To solve this issue, we first performed GO (Gene Ontology) enrichment analysis on the PC3 DP versus DN cells, and found that WNT/β-catenin pathway related genes are significantly enriched in PC3 DP cells (Figure 6A), further supporting our observations that the WNT/β-catenin pathway may be involved in the regulation of SC features of PCa DP cells. Furthermore, we employed a TOP-GFP viral vector, a TCF/LEF reporter, which has been widely used to evaluate WNT activity (Vermeulen et al., 2010). Notably, PER3 OE in PC3 DP cells decreased GFP expression, indicating the inactivation of WNT/β-catenin pathway, whereas PER3 KD in PC3 DN cells increased GFP expression (Figure 6B; data not shown). More importantly, our results revealed that PER3 KD in PC3 DN cells led to the translocation of cytoplasmic β-catenin into the nucleus (Figure 6C), indicating that the activation of WNT/β-catenin signaling pathway.
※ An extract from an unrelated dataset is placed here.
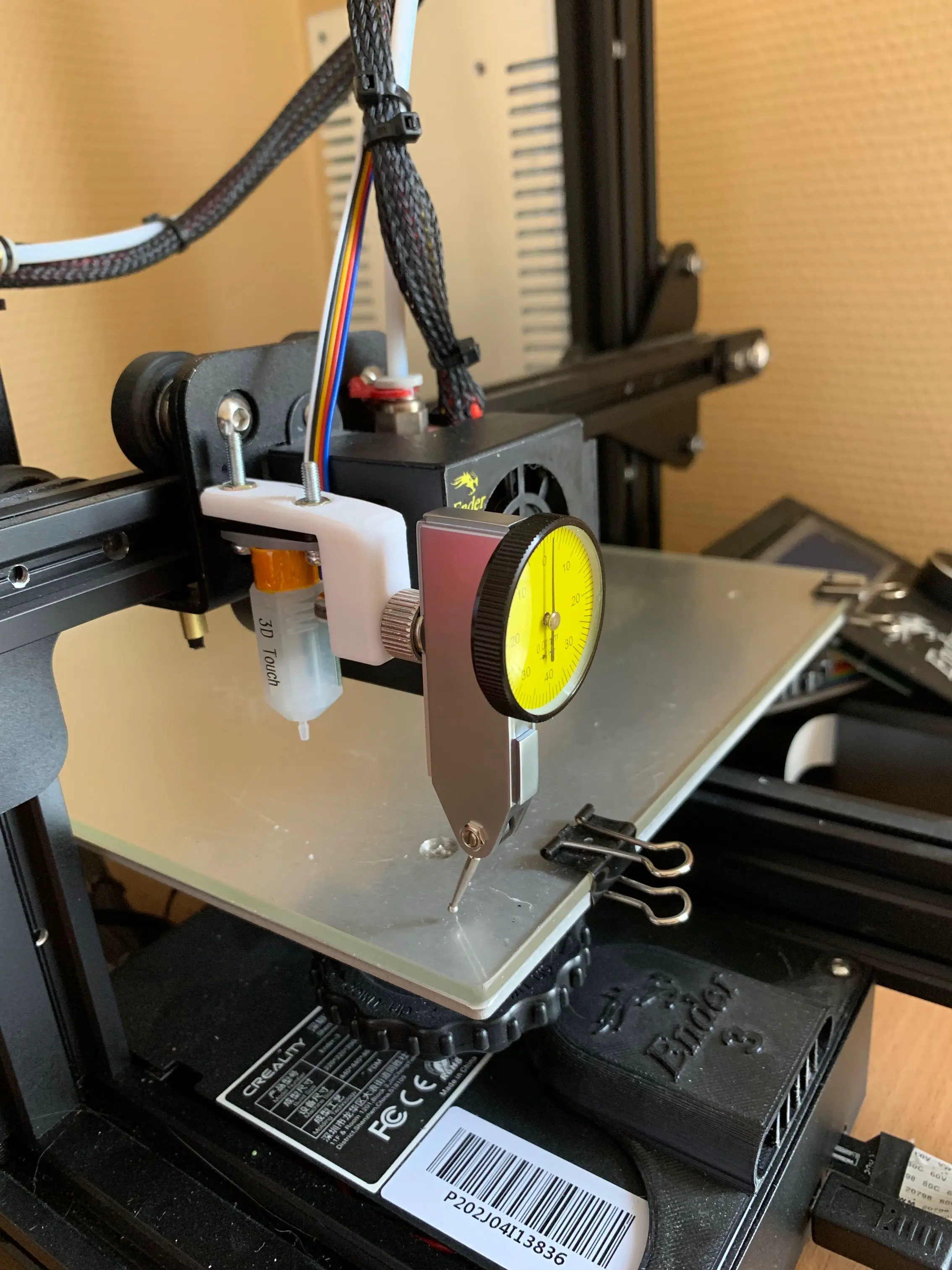 Ender 3 oder 5 Komparatorhalter mit BL Touch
In addition, PER3 KD in PC3 DN cells resulted in the upregulation of BMAL1, which is a transcriptional activator for circadian clock genes and related to the WNT/β-catenin signaling pathway from earlier reports (Lecarpentier et al., 2019) (Figure 6D). On the other hand, PER3 OE in PC3 DP cells led to the downregulation of BMAL1 (data not shown). Finally, PER3 KD in PC3 DN cells resulted in the phosphorylation of β-catenin, whereas PER3 OE in PC3 DP cells downregulated the level of phosphorylated β-catenin (Figure 6E). Taken together, these data suggest that PER3 negatively regulates stemness of PCSCs, probably via WNT/β-catenin signaling pathway.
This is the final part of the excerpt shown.